Economic innovator Ken Stratford, who helped launch 2,500 small businesses, has died at age 77. He was working and thinking until the end, said Deanna, his wife of 53 years.
Stratford died on Jan. 10 at Victoria Hospice.
He took the helm of what became the non-profit Business Victoria 30 years ago. Stratford spent much of his life trying to help people create and thrive in technology- and information-based small businesses, green enterprise and off-the-beaten-track resource industries.
Even bone cancer couldn’t stop him until the very end, when he was busy connecting with the B.C. Ministry of Transportation about possibilities for the McKenzie interchange and asking daughter Michelle to do a business plan for a late-breaking idea, Deanna said.
She remains “absolutely in awe” with his energy and ideas for promoting economic development. That said, he was not about making money for its own sake, but creating opportunities for people to find their niches and prosper, said daughter Michelle, one of his five children, including three from earlier relationships.
Her parents lived “a true love affair,” Michelle said.
Stratford wanted to help people in business on their own or with one or two others to get their ideas off the ground.

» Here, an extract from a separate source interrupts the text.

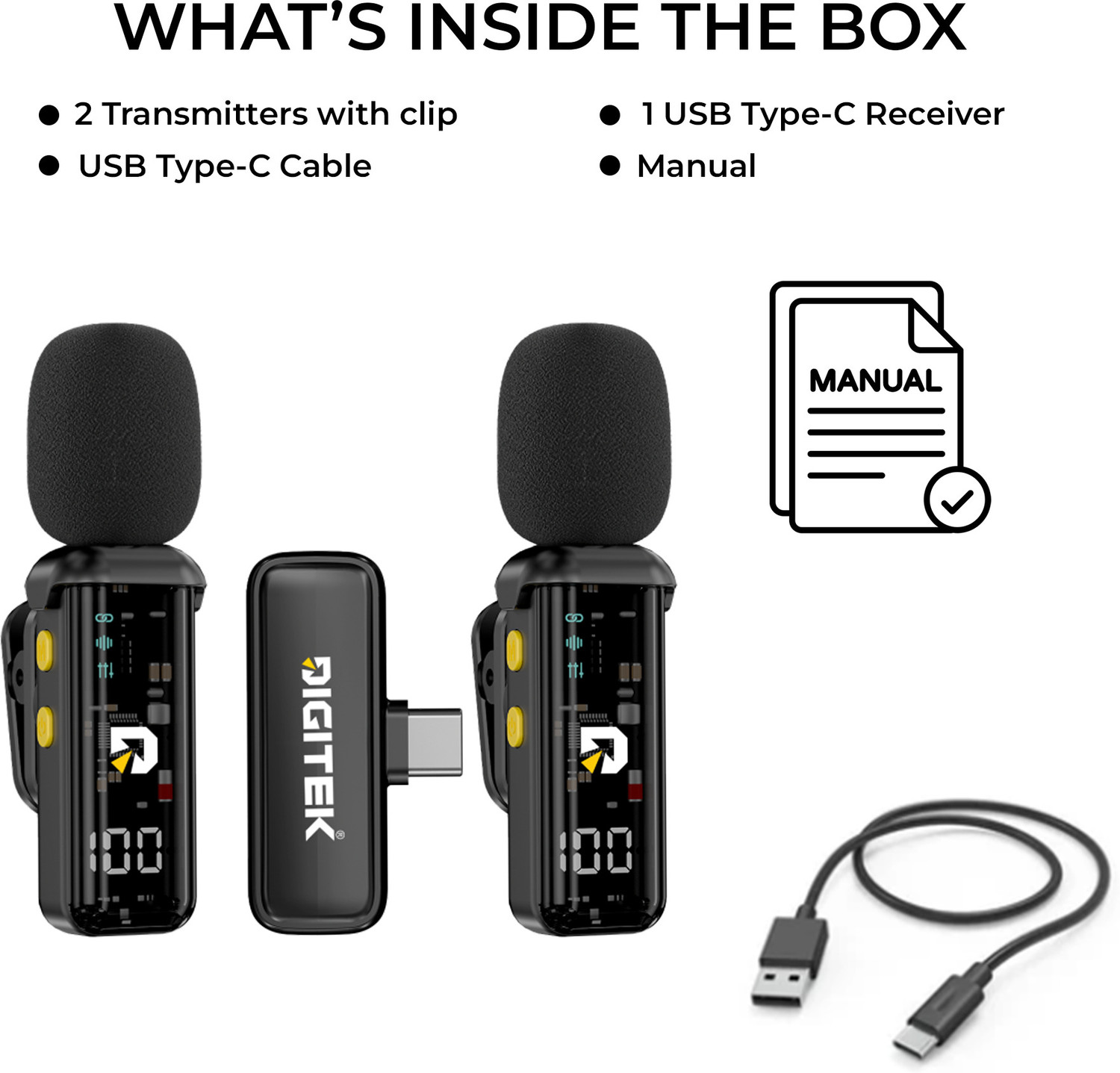 Image of DIGITEK DWM-015 2-in-1 Wireless Microphone, Dual Transmitter, 20m Range, 4H Battery Life Camera Microphone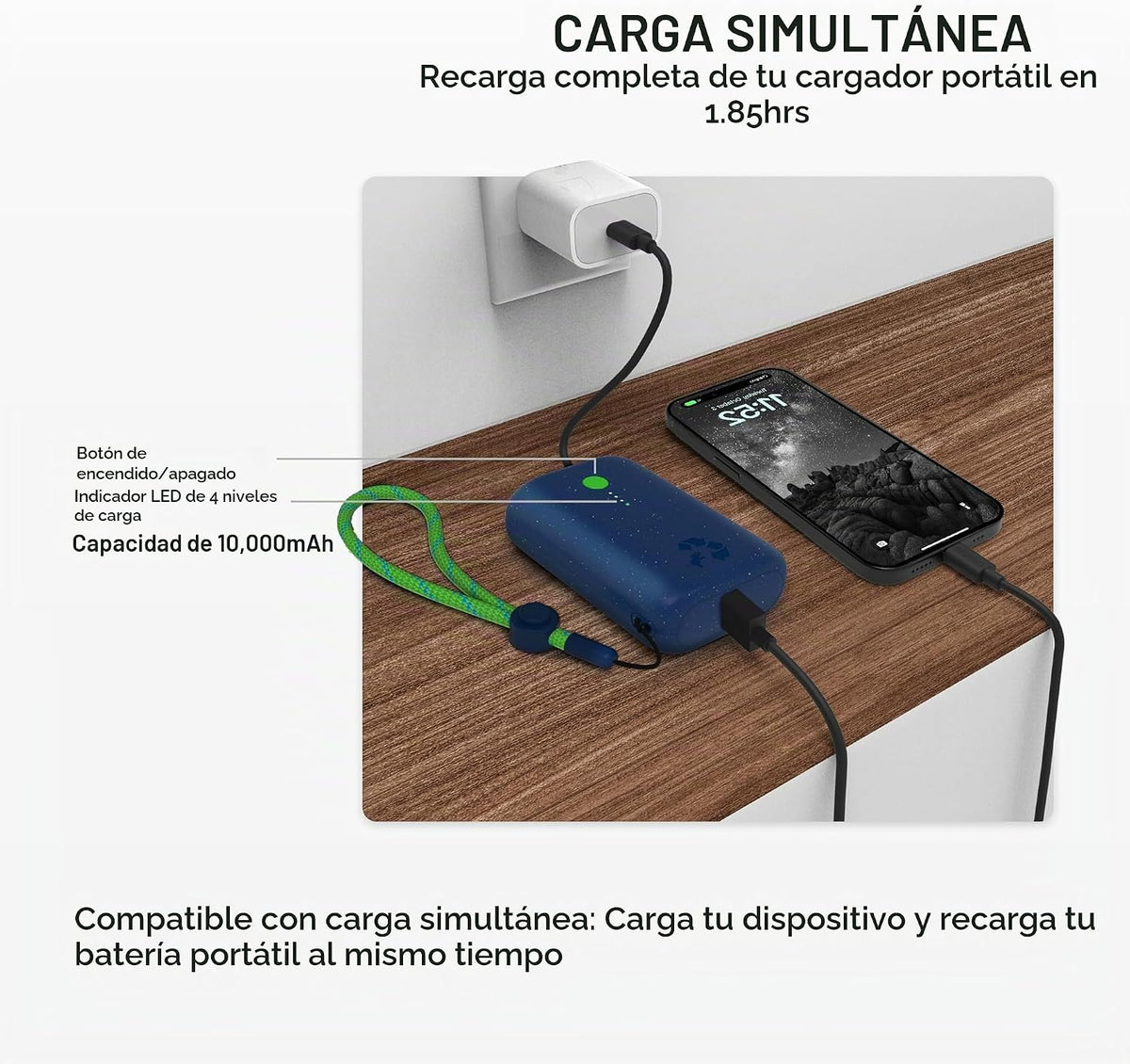 Nimble Champ Cargador Portátil, Batería Externa de 10,000mAh Carga...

He mentored people, both in business and in making a difference in the world, she said.
Victoria Mayor Lisa Helps said city council recently awarded Stratford a certificate recognizing his lifetime achievement in bolstering the community and its economy as the driving force of Business Victoria. “He was a good man, a good businessman and a spark in the start-up of so many businesses.”
Brian Wesley, current chairman of Business Victoria, has been a close friend since he met Stratford in Vancouver in 1981. “Ken was such a creative person, an incredible intellect,” he said. Stratford was “very much ahead of his time” in terms of changing economic conditions and translating their impact on the community or personal lives, Wesley said. “And over the years he created an amazing number of opportunities for people who came through our programs.”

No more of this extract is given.